In the background, but somehow taking centre stage, is the “physionomiste” (Dalle) who controls admissions to the club. There is a running commentary on topical news items such as the election of Francois Mitterand, first socialist president of the V. Republic in 1981 – but May and John are oblivious as they wander around absorbed in each other. A man in a car shouts “this is a night for fucking, not walking” – hitting on a raw nerve in the couple’s relationship: they have not yet – nor ever will – make love, and they only touch each other just before the end when they attempt to dance for the first time.
The “Berlin Wall” falls in 1989 and by now May is married to Pierre, but she still meets John regularly, both waiting for the event that will change everything, to happen. The Aids epidemic impacts on the club’s attendance records but, unlike Alice, May and John seem unaffected by the tragedy – apart from the time when the club has to close.

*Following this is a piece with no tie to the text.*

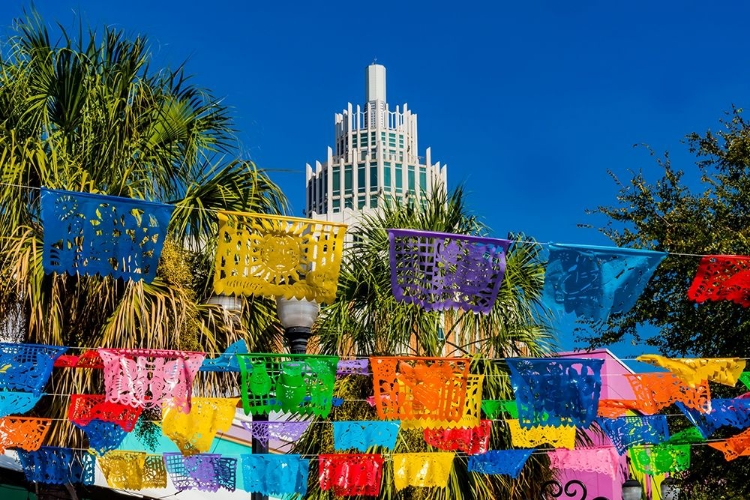 Picture of MEXICAN MARKET SQUARE-FLAGS SYMBOLS CHRISTMAS PAPER DECORATIONS-SAN ANTONIO-TEXAS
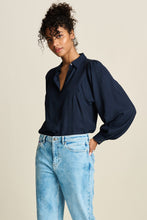 Load image into Gallery viewer, Pom Sparkle Midnight Blue Blouse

Finally all is revealed and, this being a Henry James novella, we know the ending will be a cruel one for those disaffected by love. Demoustier and Mercer are an ideal couple both being in love with the notion of their uniqueness. Mercier’s John is indifference personified, he hardly talks but gazes sullenly into the far away distance where he believes his promised land will materialise. Demoustier gives May enough enigmatic power to convince us that she believes in John’s prophecy. She rebuffs Pierre and Alice, who really care for her, and follows John on his path of vanity and self-glorification.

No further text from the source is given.